*Data provided*
⁂
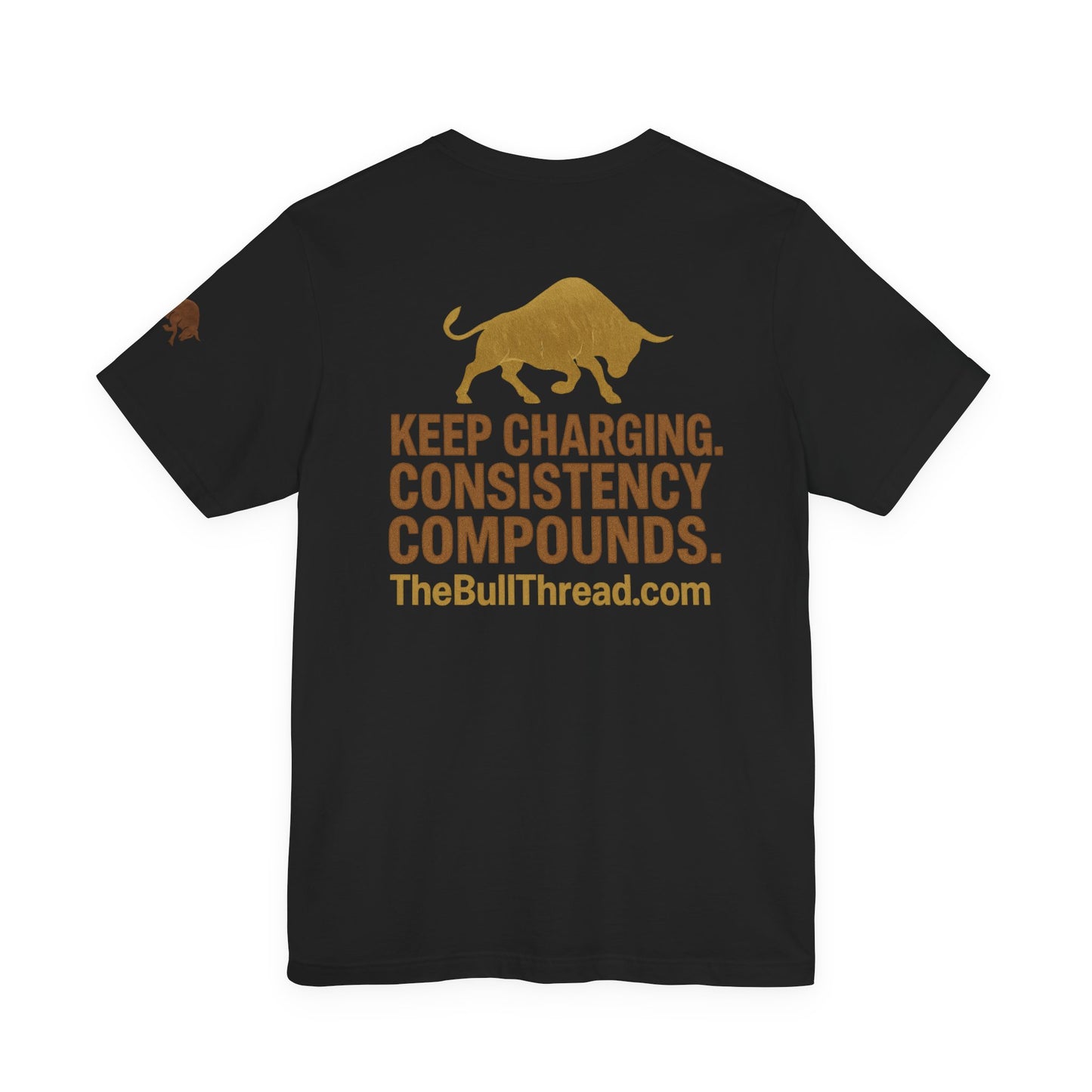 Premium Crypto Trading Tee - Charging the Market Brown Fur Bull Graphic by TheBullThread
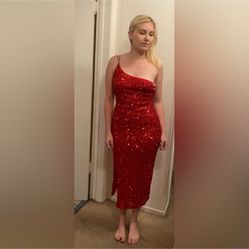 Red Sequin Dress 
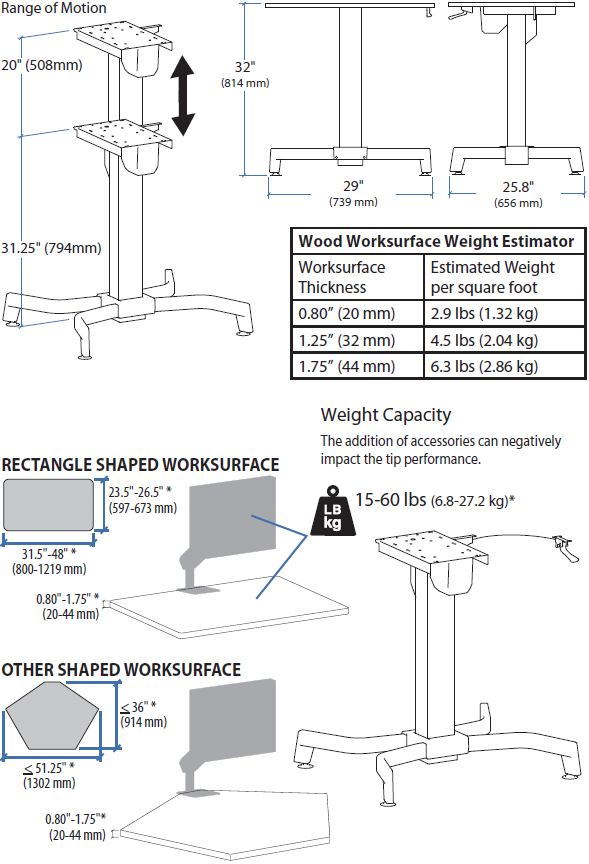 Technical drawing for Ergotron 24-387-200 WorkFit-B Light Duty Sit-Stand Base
⁂
Retype the data above as given, letting no picture into the copy.

 Premium Crypto Trading Tee - Charging the Market Brown Fur Bull Graphic by TheBullThread
 Red Sequin Dress 
 Technical drawing for Ergotron 24-387-200 WorkFit-B Light Duty Sit-Stand Base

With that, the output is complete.